(Beginning of PROVIDED DATA)

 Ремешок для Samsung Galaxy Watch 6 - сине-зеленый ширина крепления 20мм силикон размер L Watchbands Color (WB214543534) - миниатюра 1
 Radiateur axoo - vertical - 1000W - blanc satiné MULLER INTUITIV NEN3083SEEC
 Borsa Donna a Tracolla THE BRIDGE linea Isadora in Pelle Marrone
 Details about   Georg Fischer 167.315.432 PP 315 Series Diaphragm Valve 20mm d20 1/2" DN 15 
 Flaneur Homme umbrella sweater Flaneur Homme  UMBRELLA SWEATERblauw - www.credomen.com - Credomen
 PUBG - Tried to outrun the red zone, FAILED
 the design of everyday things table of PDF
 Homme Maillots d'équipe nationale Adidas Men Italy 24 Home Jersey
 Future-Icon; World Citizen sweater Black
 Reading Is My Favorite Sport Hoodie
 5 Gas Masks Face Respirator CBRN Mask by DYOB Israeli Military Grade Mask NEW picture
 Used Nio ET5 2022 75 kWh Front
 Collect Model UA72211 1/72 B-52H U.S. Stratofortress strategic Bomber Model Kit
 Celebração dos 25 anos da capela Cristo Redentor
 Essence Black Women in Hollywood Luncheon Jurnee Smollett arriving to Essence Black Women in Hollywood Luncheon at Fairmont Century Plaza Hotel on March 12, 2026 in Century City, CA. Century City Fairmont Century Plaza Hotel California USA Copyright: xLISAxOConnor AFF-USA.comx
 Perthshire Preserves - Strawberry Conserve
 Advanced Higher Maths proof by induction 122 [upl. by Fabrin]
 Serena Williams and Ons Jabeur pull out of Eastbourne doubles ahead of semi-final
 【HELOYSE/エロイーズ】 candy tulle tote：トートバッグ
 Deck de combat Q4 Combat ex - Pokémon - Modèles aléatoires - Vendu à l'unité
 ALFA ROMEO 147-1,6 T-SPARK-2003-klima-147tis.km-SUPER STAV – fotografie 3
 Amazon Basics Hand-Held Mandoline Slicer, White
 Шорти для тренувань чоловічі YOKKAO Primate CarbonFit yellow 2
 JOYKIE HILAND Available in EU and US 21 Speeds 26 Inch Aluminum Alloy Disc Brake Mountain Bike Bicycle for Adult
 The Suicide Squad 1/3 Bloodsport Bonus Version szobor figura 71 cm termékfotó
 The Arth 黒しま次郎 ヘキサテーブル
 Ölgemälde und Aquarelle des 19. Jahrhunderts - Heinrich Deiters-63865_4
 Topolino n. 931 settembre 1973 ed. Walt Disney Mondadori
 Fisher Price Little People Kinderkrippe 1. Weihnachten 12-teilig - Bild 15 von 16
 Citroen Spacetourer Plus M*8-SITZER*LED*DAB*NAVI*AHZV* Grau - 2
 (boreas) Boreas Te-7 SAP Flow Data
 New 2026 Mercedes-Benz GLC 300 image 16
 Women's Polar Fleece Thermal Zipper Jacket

(End of PROVIDED DATA)

• **PROBLEM TO SOLVE**
From the listing above, repeat exactly the lines starting at the line that includes "Flaneur Homme umbrella" and ending at the line that includes "Fisher Price Little", with nothing outside that span.

• **COMPLETED EXERCISE**
 Flaneur Homme umbrella sweater Flaneur Homme  UMBRELLA SWEATERblauw - www.credomen.com - Credomen
 PUBG - Tried to outrun the red zone, FAILED
 the design of everyday things table of PDF
 Homme Maillots d'équipe nationale Adidas Men Italy 24 Home Jersey
 Future-Icon; World Citizen sweater Black
 Reading Is My Favorite Sport Hoodie
 5 Gas Masks Face Respirator CBRN Mask by DYOB Israeli Military Grade Mask NEW picture
 Used Nio ET5 2022 75 kWh Front
 Collect Model UA72211 1/72 B-52H U.S. Stratofortress strategic Bomber Model Kit
 Celebração dos 25 anos da capela Cristo Redentor
 Essence Black Women in Hollywood Luncheon Jurnee Smollett arriving to Essence Black Women in Hollywood Luncheon at Fairmont Century Plaza Hotel on March 12, 2026 in Century City, CA. Century City Fairmont Century Plaza Hotel California USA Copyright: xLISAxOConnor AFF-USA.comx
 Perthshire Preserves - Strawberry Conserve
 Advanced Higher Maths proof by induction 122 [upl. by Fabrin]
 Serena Williams and Ons Jabeur pull out of Eastbourne doubles ahead of semi-final
 【HELOYSE/エロイーズ】 candy tulle tote：トートバッグ
 Deck de combat Q4 Combat ex - Pokémon - Modèles aléatoires - Vendu à l'unité
 ALFA ROMEO 147-1,6 T-SPARK-2003-klima-147tis.km-SUPER STAV – fotografie 3
 Amazon Basics Hand-Held Mandoline Slicer, White
 Шорти для тренувань чоловічі YOKKAO Primate CarbonFit yellow 2
 JOYKIE HILAND Available in EU and US 21 Speeds 26 Inch Aluminum Alloy Disc Brake Mountain Bike Bicycle for Adult
 The Suicide Squad 1/3 Bloodsport Bonus Version szobor figura 71 cm termékfotó
 The Arth 黒しま次郎 ヘキサテーブル
 Ölgemälde und Aquarelle des 19. Jahrhunderts - Heinrich Deiters-63865_4
 Topolino n. 931 settembre 1973 ed. Walt Disney Mondadori
 Fisher Price Little People Kinderkrippe 1. Weihnachten 12-teilig - Bild 15 von 16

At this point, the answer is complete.